Claude Skills vs. OpenAI Codex / AgentKit: Building Scalable Multi-Agent Workflows

Author’s note:

Question: What are Claude Skills and how do they work? How do they compare to Codex skills? how do i set myself up to have multi-agent skills?

Context: Context:

How do claude skills differ from claude agents? Does codex have sub-agents and what not? What are the best way to use claude skills/agents?

Executive Summary

As of January 2026, the landscape of AI orchestration has shifted from monolithic prompts to modular, filesystem-based architectures. Claude Skills represent a paradigm shift in how agents consume information: instead of stuffing context windows with static instructions, Skills allow agents to dynamically load “folders” of expertise—scripts, templates, and guides—only when needed ¹. This “progressive disclosure” architecture reduces token usage by up to 75% for document-heavy tasks compared to traditional prompting ¹ ².

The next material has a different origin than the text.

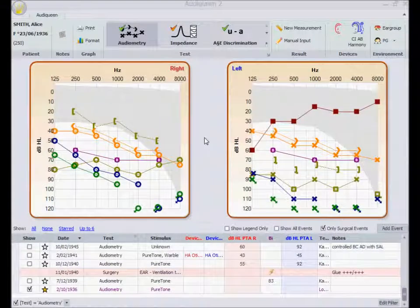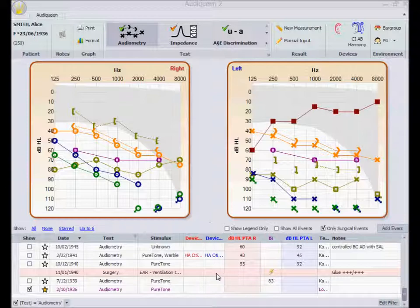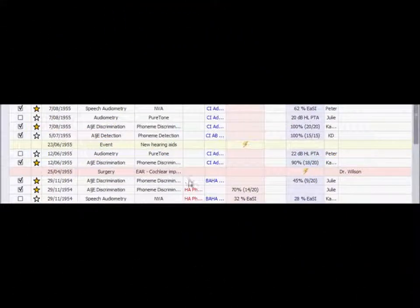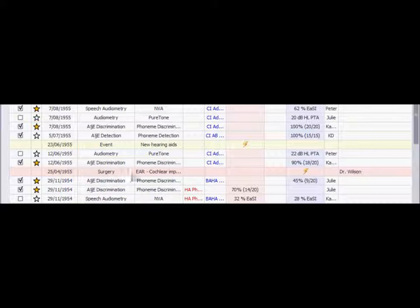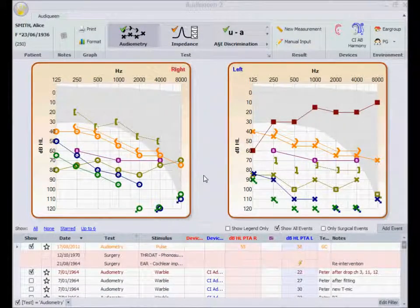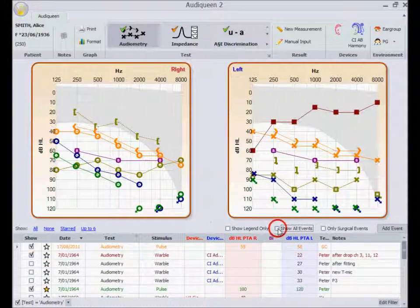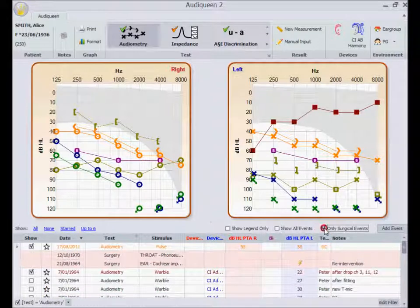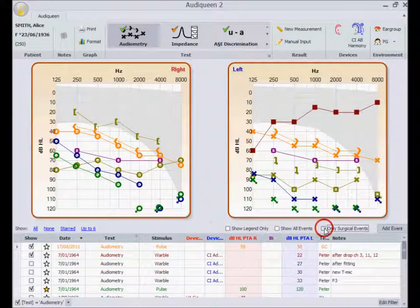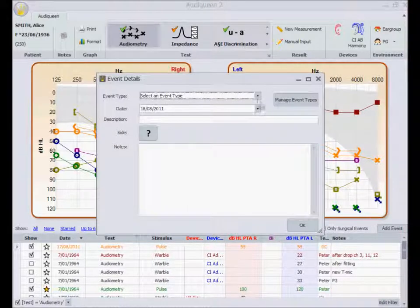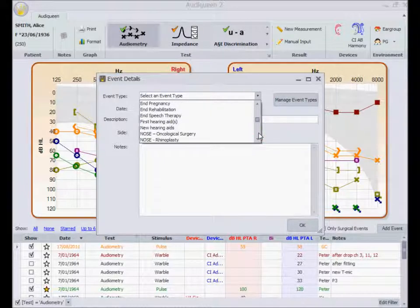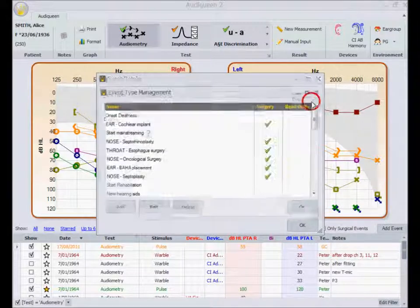One other feature is the possibility to add events. Sometimes this is interesting as a kind of reference point in the chronology of the test results. Such events can be either surgical interventions or other events. Events can be displayed or not, or I can choose to display the surgical interventions only. I can add events and create new event types if need be.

Meanwhile, OpenAI has integrated its coding capabilities into the GPT-5.2-Codex model and launched AgentKit, a comprehensive platform for building agentic workflows ³ ⁴. While OpenAI focuses on a visual-first “Agent Builder” and robust managed infrastructure, Anthropic’s Skills emphasize portability and token efficiency via a local filesystem approach ⁴ ².

For developers, the key strategic move in 2026 is decoupling “knowledge” (Skills) from “reasoning” (Agents). This report details how to architect these systems, comparing Anthropic’s Skill-first approach with OpenAI’s AgentKit, and providing a roadmap for multi-agent orchestration.

1. Introduction & Core Terminology

To navigate the 2026 agent ecosystem, it is critical to distinguish between the “actor” (the agent) and the “capability” (the skill).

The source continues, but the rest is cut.